My Burberry'nin açılışı ferah ve tatlı meyvelerle gerçekleşiyor. Biraz kırmızı meyveler ve azıcık armut ya da elma. Üst notalarda ferah çiçekler, meyvelere eşlik ediyor. Üst notaları gayet güzel. Orta kısımda parfümün ana öğesi çiçekler ağırlığını arttırıyor. Beyaz çiçekler ve gül ön plana çıkıyor. Çoğu kullanıcı frezya çiçeğinden bahsetmiş. Bence gül orta kısmın kazananı. Burası başlangıcına göre daha çiçeksi ve karakterli. Ferahlık devam ediyor orta bölümde. Son kısım benim için hayal kırıklığı. Kapanışta yapay parlak amber ve vasat miskle sıradan davranıyor ne yazık ki My Burberry. Zarif paçuli bile durumu kurtaramıyor bana göre alt notalarda.

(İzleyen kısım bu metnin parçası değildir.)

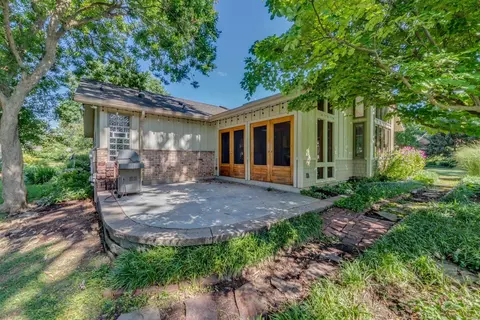 Exterior - 4 Cobblestone Dr, Ballwin, MO 63011 photo 10 of 11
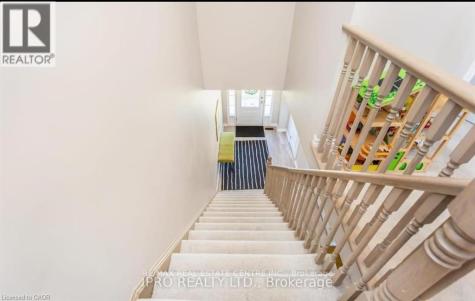 324 Equestrian Way Cambridge ON N3E 0E2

Genel anlamda ferah çiçeksi yapısı olduğu açıkça görülüyor. Ferah ve yumuşak meyvelerin eşlik ettiği kokusu gayet tanıdık. Evet o birçok kadının üzerinde duyduğum parfümlere benziyor. Çok risk alınmamış anlaşılan. Ortalama bir çiçeksi-meyveli olarak düşünülebilir. Abartılı şekilde kadınsı aldehitler yok neyse ki. Canlı, parlak, neşeli, pozitif bir parfüm. Ağır, ağdalı ya da kasvetli-karanlık değil. Gayet açık, basit ve güvenilir. Onu kullanıp nefret edecek kişi sayısı muhtemelen az olacaktır.


Sıradan son kısmı dışında temiz ve kolay giyilebilecek kompozisyon hazırlamış Francis Kurkdjian. Yeterli kalitede olması, bir ustanın elinin değdiğini fısıldıyor zaten. Derinliği olmayan, tek düze, günlük kullanıma uygun, sivri taraf barındırmayan, dişil nüanslar barındıran, çok satması ihtimaline göre kurgulanmış gibi hissiyata sahip oldum. Buna çok şaşırmamak gerekiyor. Burberry gibi ana akıma seslenen bir markanın, Maison Francis Kurkdjian kadar enteresan veya yüksek kaliteli işlere imza atmasını beklemek anlamsız olur. Bu anlamda Burberry ve Francis Kurkdjian doğru bir seçim yapmış gibi görünüyor fakat kokusu anlamında farklı bir yerde durduğunu söylemek zor. My Burberry’e yaklaşımım şöyle olacak: “Olsa da olur olmasa da olur.”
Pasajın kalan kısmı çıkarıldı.